Aufgefallen seien die vermeintlich unrechtmäßigen Zahlungen und deren Erhalt im Haushaltsplan 2018. Schmitz war in seiner Zeit als Vorstandsmitglied des SSB mitverantwortlich für die Erstellung der Haushaltspläne, ehe er selbst als Vorsitzender im Frühjahr vergangenen Jahres als Nachfolger von Jochen Temme gewählt wurde. Dass die „unrechtmäßigen Vorgänge“, von denen Schmitz sprach, nicht früher reklamiert wurden, habe auch den Grund. „Die Kassenprüfer bestätigen nur eine rechnerische Richtigkeit“, führte Schmitz aus.

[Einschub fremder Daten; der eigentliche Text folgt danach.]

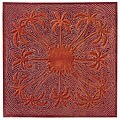Bahama Square Terracotta Rug (6' Square)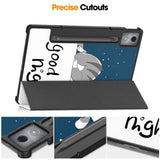 Lenovo IdeaTab Pro - EIDERWOOD Tri-Fold Kunstlæder Flip Cover m. Mønster - Kat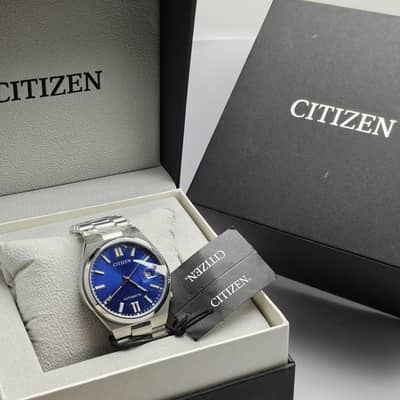 CitizenTsuyosa–40mm–BlueDial–St. Steel––NJ0150-81L–with box and papers
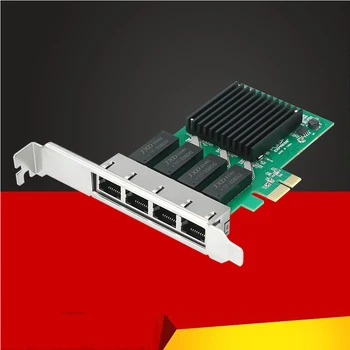 4 Port כרטיס רשת PCI Express x1 כדי Quad יציאות RJ45 ניק RTL8111H שבב 10/100/1000Mbps Ethernet כרטיס ה Lan-עבור PC שולחן העבודה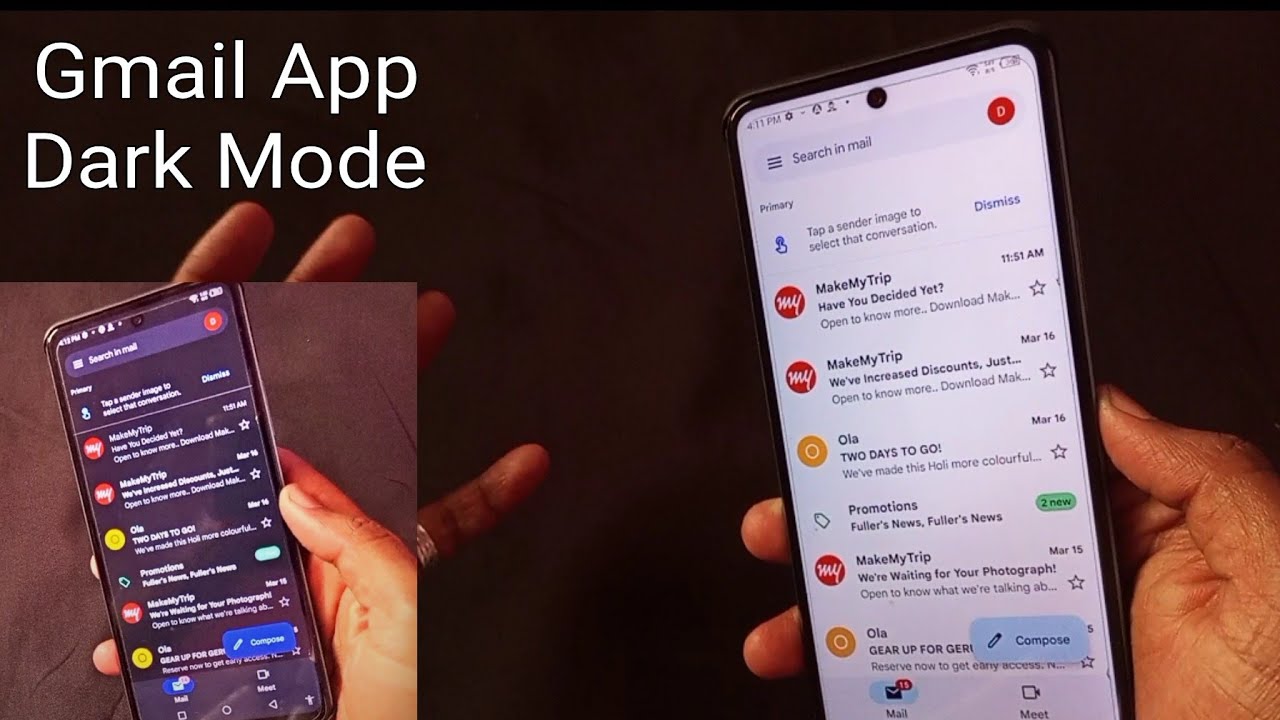 How To Enable Dark Mode On Gmail App || GMAIL APP DARK MODE - YouTube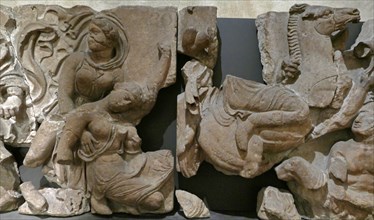 The Bassae Frieze comprises a series of relief marble sculptures from the Temple of Apollo Epikourios at Bassae, Greece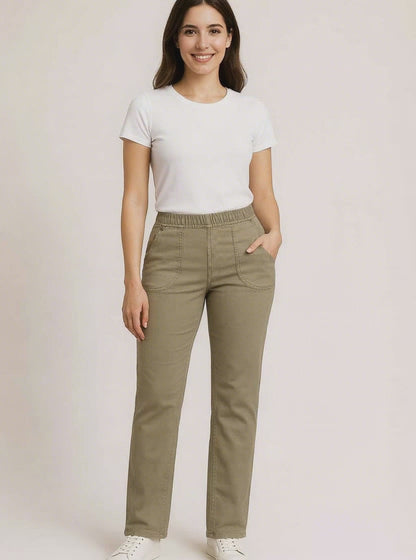 Pantalón de Gabardina Algodón Stretch  Mod. 181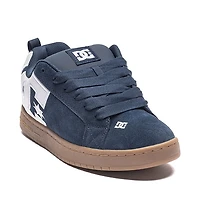 Mens DC Court Graffik Skate Shoe - Navy / White Gum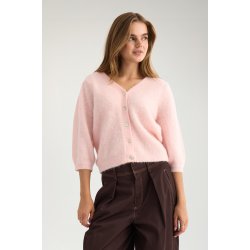 Nusuri brushed ss cardigan N�mph, peachskin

Juristische Gegenmaßnahmen

Wiese will derweil die Anschuldigungen nicht auf sich sitzen lassen, kündigt juristische Gegenmaßnahmen an. „Die Vorwürfe sind lächerlich und in keinem Fall belegbar“, betonte Wiese und bezog die ehemalige Geschäftsstellenmitarbeiterin, gegen die sich ebenfalls Vorwürfe richten, mit ein. „Ich habe und hatte keine Finanzaufsicht, die liegt und lag beim Vorstand“, erläuterte der Geschäftsführer. „Alle Gelder sind im Rahmen aller Vereinbarungen vom damaligen Vorsitzenden abgezeichnet worden. Wir haben nichts bekommen, für was wir nicht auch etwas geleistet haben.“ Und: „Das ist wohl der letzte Weg, um Kosten für den SSB zu sparen“, sagte Wiese.

Bekanntlich steht der Geschäftsführer nach wie vor mit dem Vorstand vor dem Arbeitsgericht im Clinch. Gegenstand ist dabei eine Abmahnung gegen Wiese, der seit rund 25 Jahren beim SSB beschäftigt ist.

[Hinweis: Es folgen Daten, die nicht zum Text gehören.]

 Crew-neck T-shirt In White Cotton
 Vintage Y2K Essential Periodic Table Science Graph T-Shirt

Derweil habe der Stadtsportbund, betonte Schmitz, Selbstanzeige bei den Steuerbehörden eingereicht. Die Oberfinanzdirektion Münster, die mit dem Fall befasst ist, hat auf Anfrage „aus Gründen des Steuergeheimnisses keine Angaben zu steuerlichen Einzelfällen“ machen wollen.